Singularity
- 2004 hardback edition cover
- Author: Bill DeSmedt
- Language: English
- Genre: Tunguska Event, Black Holes
- Publisher: Per Aspera Press
- Publication date: November 8, 2004
- Publication place: United States
- Media type: Print (hardback)
- Pages: 524
- ISBN: 0-9745734-4-2
- OCLC: 56103731
- Dewey Decimal: 813/.6 22
- LC Class: PS3604.E759 S56 2004

= Singularity (DeSmedt novel) =

2004 novel by Bill DeSmedt

Singularity is a novel by Bill DeSmedt published by Per Aspera Press in 2004. It is DeSmedt's debut novel and explores the theory that the Tunguska event was caused by a micro black hole.

==Synopsis and publication==
Released in 2004, Singularity is both DeSmedt's and the publishing house's debut novel. Singularity is the first novel in the Archon Sequence series about the Tunguska event. DeSmedt's second and third novels in the series are Dualism (2014) and Triploidy (2022).

On Barnes & Noble's science fiction and fantasy list, Singularity ranked fifth. On Mysterious Galaxy's bestsellers rankings, it ranked seventh.

==Plot summary==
It is based on the theory that the Tunguska event was caused by a micro black hole. Trying to locate weapon of mass destruction, Marianna Bonaventure is an American in the United States Department of Energy's CROM (Critical Resources Oversight Mandate) who has to work together with the outstanding analyst Jonathan Knox.

==Reception==
The Seattle Timess Nisi Shawl wrote, "DeSmedt's clear descriptions of everything from the core of a typical star to the sinister device an assassin uses to mimic a wolf's bite make it easy to follow his swiftly swooping story line". Robert Folsom praised the book in The Kansas City Star, writing, "The dialogue would be another matter; it's very scientific. But De-Smedt has managed a neat trick: Conversations are lively even though they're peppered with accurate physicist's jargon. The thriller aspect of the book helps."

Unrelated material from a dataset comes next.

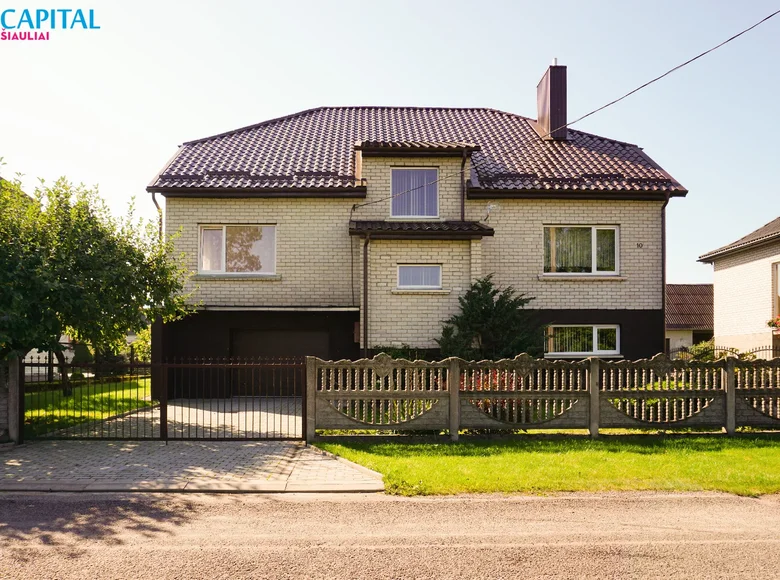 House 138 m² Kelme, Lithuania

The San Diego Union-Tribunes Jim Hopper called the novel "a stylish technothriller". The Fayetteville Observer said the novel was "a science fiction thriller [that] will appeal to readers who enjoy Michael Crichton". Danica McKellar praised the book in an interview with the New York Post, stating, "It's my favorite science fiction thriller. It's got everything - great characters, suspense, action, romance, and you just might learn something about black holes along the way."

Referring to how Earth's gravity could have sucked in a black hole, John R. Alden wrote in The Plain Dealer, "Singularity takes this bizarre possibility, adds a cast of exotic characters, whips in a blitzkrieg plot and bakes it all into a hugely entertaining near-future thriller. James Bond would have loved to star in a story such as this." In a mixed review, Publishers Weekly said, "The sexual chemistry between Marianna and Jonathan adds spice. Exotic hardware, lifestyles of the rich and notorious, double- and triple-crosses and a slightly rushed and facile conclusion all make a respectable if not outstanding first effort."

==Awards==
The novel was awarded the "Gold Medal for Science Fiction" as part of Foreword Magazines "Book of the Year Awards". It received the Independent Publisher Book Awards's "Ippy prize for Best Fantasy/Science Fiction novel of 2004".

==About the Author==
Bill DeSmedt was an American author and software engineer.